#24240 closed Bug (fixed)
Setting Content-Encoding on a non-ASCII StreamingHttpResponse raises UnicodeEncodeError
Reported by: | Matthew Somerville | Owned by: | nobody |
---|---|---|---|
Component: | HTTP handling | Version: | 1.7 |
Severity: | Normal | Keywords: | |
Cc: | Triage Stage: | Ready for checkin | |
Has patch: | yes | Needs documentation: | no |
Needs tests: | no | Patch needs improvement: | no |
Easy pickings: | no | UI/UX: | no |
Description
HttpResponseBase's make_bytes() assumes that if the Content-Encoding header is set, then everything has already been dealt with bytes-wise, but in a streaming situation this is not necessarily the case as the header has been set before make_bytes() will be called on the original content.
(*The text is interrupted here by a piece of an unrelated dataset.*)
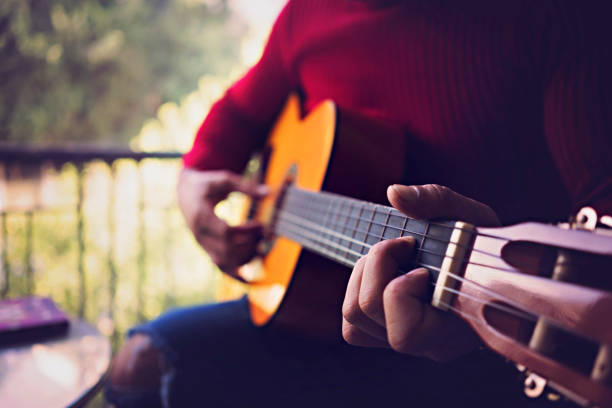 istock Young man playing the guitar in a cafe. 1054653432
For example, if you provide an iterable including a non-ASCII Unicode string to a StreamingHttpResponse and are using the GZip middleware, the response will die with a UnicodeEncodeError when it arrives at the first non-ASCII Unicode chunk.
I have added two tests at https://github.com/dracos/django/compare/non-ascii-compressed-streaming (let me know if you'd prefer a PR), firstly a working one to show that supplying non-ASCII Unicode strings to a StreamingHttpResponse works fine normally; then a failing one to show that passing such a response through the GZip middleware dies with a UnicodeEncodeError.
This appears to be happening because as we're working with an iterable, make_bytes() is only called when necessary, but by the point that happens and the iterable is consumed, the middleware has added the Content-Encoding header and thus make_bytes() tries to call bytes(value) (and dies). If it had been a normal HttpResponse, make_bytes() would have been called when the content was set, well before the middleware set the Content-Encoding header.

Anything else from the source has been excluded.